This is our fifth year in a row trying to read the future (our first since we changed the company name from CMS Watch to Real Story Group). If you'd like to see how we've done previously, you can view past predictions here: 2010, 2009, 2008, and 2007.
We think 2011 will be characterized by enterprises pushing back against vendor lock-in, as we describe in today's press release.
1) "Bring Your Own Device" policies will push HTML5 adoption for mobile access to enterprise applications
Bring-Your-Own-Device (BYOD) policies will challenge the device-specific enterprise app marketplace and push critical mass behind HTML5 adoption. This will have significant impact on WCM (publishing) and ECM (document access) in particular.
2) Content-rich customers will rebel against Web CMS marketing spins
While Web Content Management vendors will focus on newer and sexier marketing spins (such as WEM), content-rich customers will rebel against marketing spins and demand that attention be paid to traditional publishing-oriented challenges such as multi-site management and standards-based authoring.
3) Microsoft will turn to partners to fix SharePoint shortcomings
As shortcomings in the platform emerge, Microsoft will shift its SharePoint strategy to push the ISV partner channel strongly since Microsoft can't fix these issues until SharePoint 2013.
4) The top end of the Web CMS market will be redefined
The top end of the WCM market will get redefined, as vendors such as Adobe and Tridion (and a host of European vendors) move up, and IBM, Open Text, EMC, and Autonomy will move down - and out.

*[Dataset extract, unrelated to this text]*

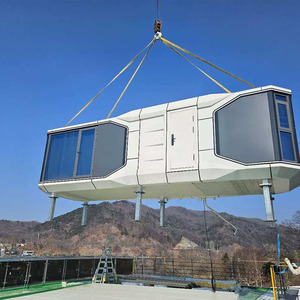 Cápsulas Espaciales de Lujo para Habitaciones de Hotel, Cabañas Prefabricadas, Glamping Pods, <span class=keywords><strong>Casas</strong></span> Móviles Prefabricadas para Camping y Uso Turístico - Product Image 1
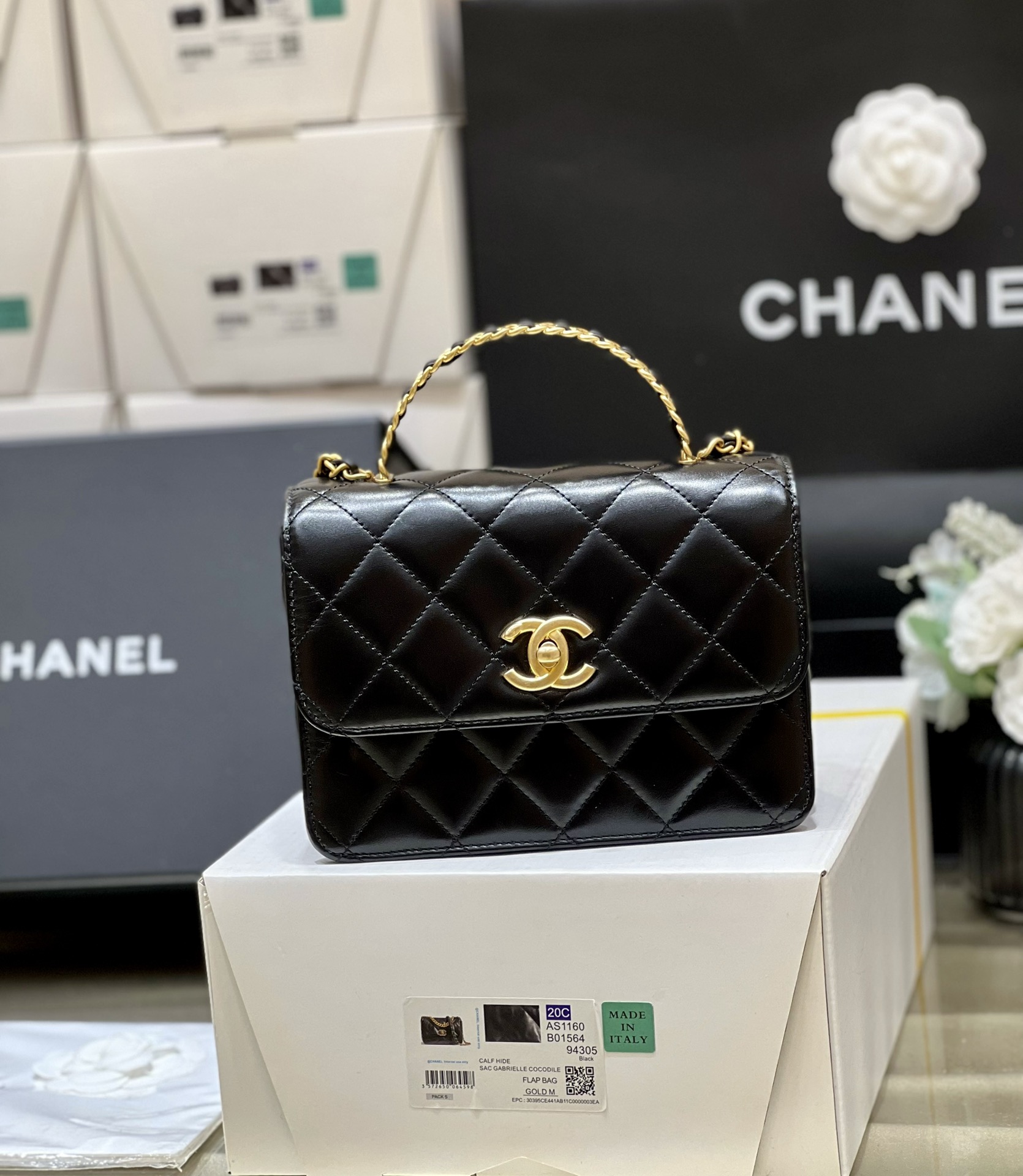 T&uacute;i X&aacute;ch Chanel Small Flap bag AS3886 M&agrave;u Đen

5) Intranet community managers will adopt public social functionality
Intranet community managers will explore the adoption of public social media community features, including badges, laddering, and specialized forum applications.
6) SaaS vendors will try to separate from "The Cloud"
SaaS vendors will struggle to crawl out from under "cloud" confusion. By prematurely associating themselves with PaaS and IaaS vendors to try to gain marketing sheen from the "cloud" term, they have confused prospects, especially those that were skeptical about apps (as opposed to infrastructure) in the cloud.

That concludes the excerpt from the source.